You can only reasonably do this shift for geocentric (x,y,z) coordinates, as it is relatively simple trigonometry with relatively small rounding errors. So a geodetic (lat,lon,height) point is converted to a geocentric point to do this shift, then transformed back again. The resulting point will have different lat/lon/height, and also a different datum, and possibly a different ellipsoid.

judgej commented 8 years ago

This is why lat/lon values alone mean nothing without knowing what datum they refer to. We can often assume it is WGS84, but never rely on that assumption. Lat/lon always has the context of a datum, even if it is not explicitly stated.

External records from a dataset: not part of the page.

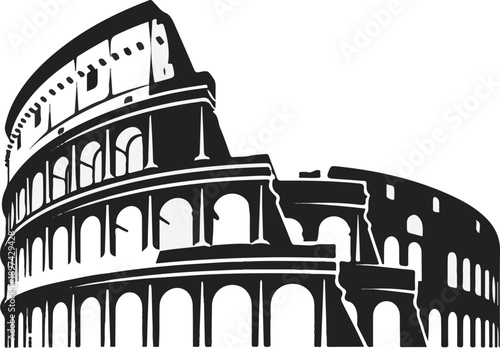 Stylized black and white graphic of a large, ancient, arched amphitheater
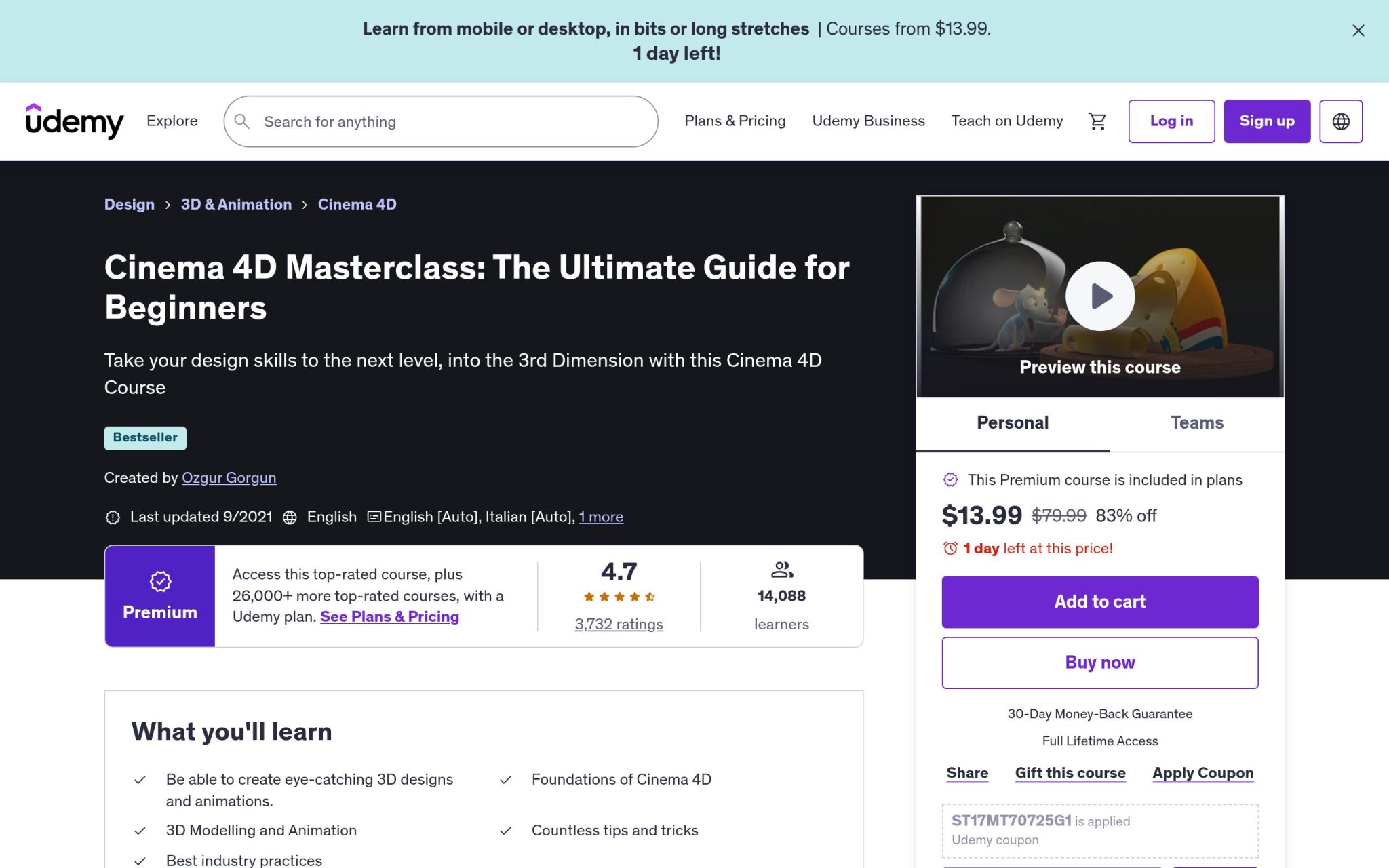 Cinema 4D Masterclass: The Ultimate Guide for Beginners - Udemy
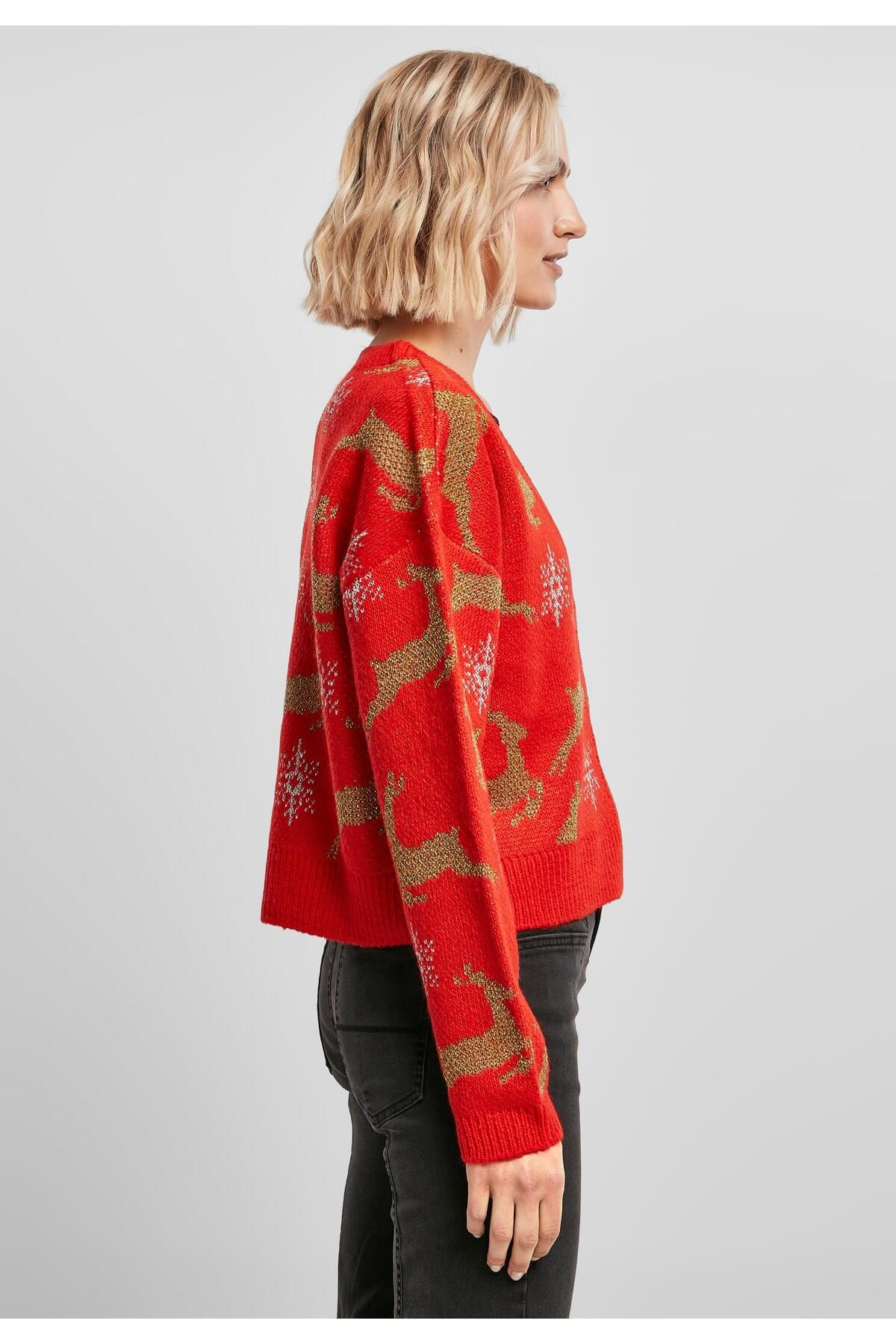 Urban Classics-Damen Ladies Short Oversized Christmas Cardigan 8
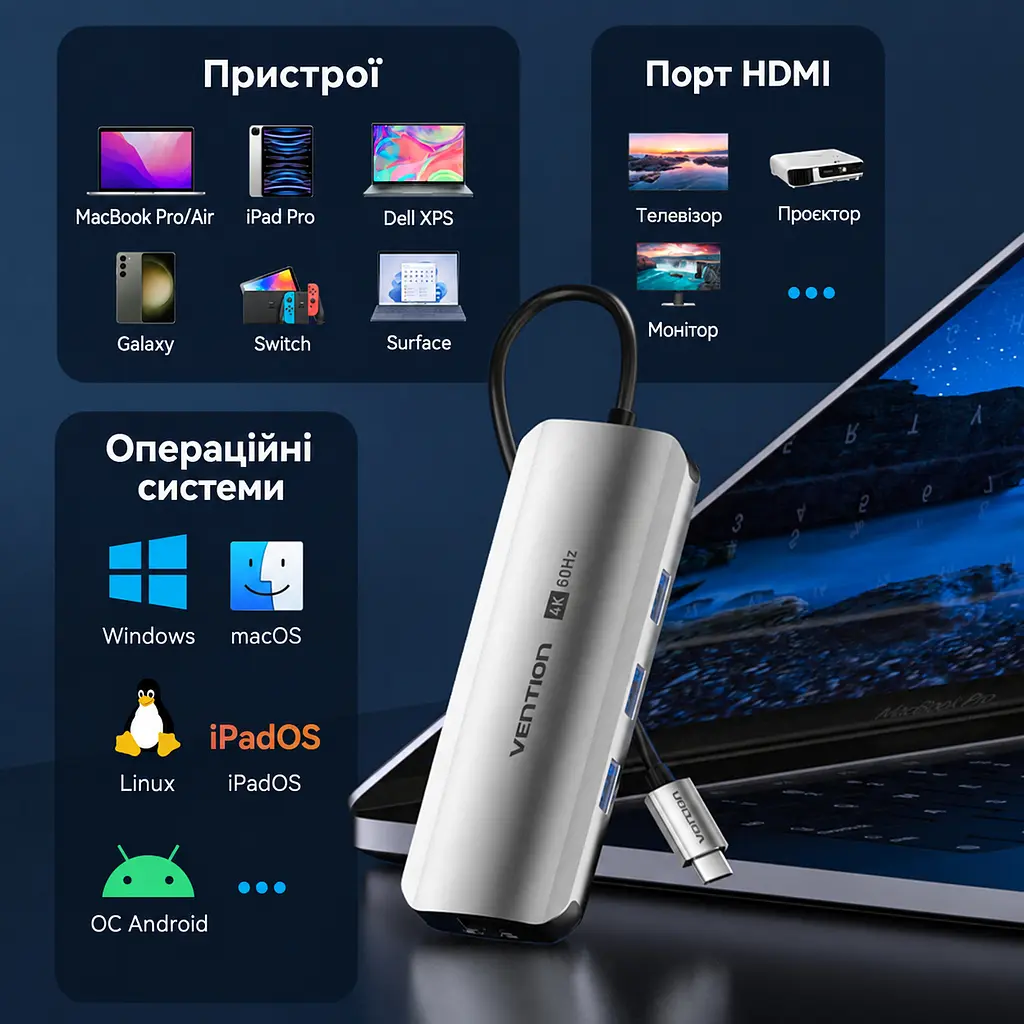 Док-станція USB-C хаб Vention 8-в-1 HDMI до 4K 60 Гц 3 USB 3.0 для даних до 5 Гбіт/с Gigabit Ethernet RJ45 до 1000 Мбіт/с SD/TF читання або запис лише однієї карти за раз вхід PD для зовнішнього живлення й наскрізного заряджання хоста до 100 Вт потрібні блок живлення USB-C PD на вході PD та підтримка PD хостом HDMI потребує USB-C хоста з DP Alt Mode сумісність із Thunderbolt 3/4 вбудований кабель USB-C 0,15 м сірий (TQKHB) - фото 10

SamMousa commented 8 years ago

Yes I see, what I dislike is the current difference between WGS84 and the other datums; they are essentially all of the same type and it shouldn't matter which I use as a default..

If I define a new datum B that is the same as some type A only (for example) translated on the X axis by +10, then I should be able to just supply a transformation to type A and it should work.

Then instead of require each datum to provide us with a translation to WGS84 we can just require that it provides a conversion that brings us "closer" to WGS84 and as long as are able to find a path to WGS84 we will be able to do conversions. If we do this properly then we could even automatically find the shortest paths between 2 datums and use that for conversion (and we could even create metrics about the accuracy of other paths)

judgej commented 8 years ago

Just on this:

A point since it is a place, does not need to be accompanied with its projection; only coordinates need that.

That's a problem I have with implementations I have seen so far. A UTM point consists of four peices of information: x, y, zone, hemisphere. At the moment, points define the x and y, while the projection defines the zone and hemisphere. So a UTM point without its projection parameters is meaningless (more accurately, ambiguous).

Similarly, a geodetic (lan/lon) point can be converted to a UTM projection point BUT that conversion also needs to set additional projection parameters (zone and hemisphere) to be an unambiguous point.

So to my mind, a projected point generally has an x/y (or north/south) pair, but also has additional arbitrary properties (depending on what type of projection it is) that fully define that point. I feel it is weird having those additional parameters stuck in the projection, UNLESS the projection is injected into the point and can be modified by the point when doing conversions. It feels to me that Proj4 simply has this approach wrong, and the way it is used probably works around this failing, but isn't very OO.

SamMousa commented 8 years ago

Yes that is become more clear to me during development. Note that I still don't see a difference between a point and a projected point; both are projected...

Currently my Coordinate class is immutable. There is no conversion implemented inside it. A geodetic point can derive X, Y and Z, and A geocentric point can derive Lat, Lon and Height; both of these derivations use the Ellipsoid (currently a datum might be passed in that has a getellipsoid (since for future conversions we do need the full datum).

This allows a Coordinate to be used no matter what type of coordinate it is; for actual conversions between projections you of course need to know both the source and target datum.

judgej commented 8 years ago

A "Point" has a very specific meaning in GIS systems. It is a point on a flat map. That is what a projected point is - a point in 3D space projected onto a flat map. So I guess a point is always a projected point.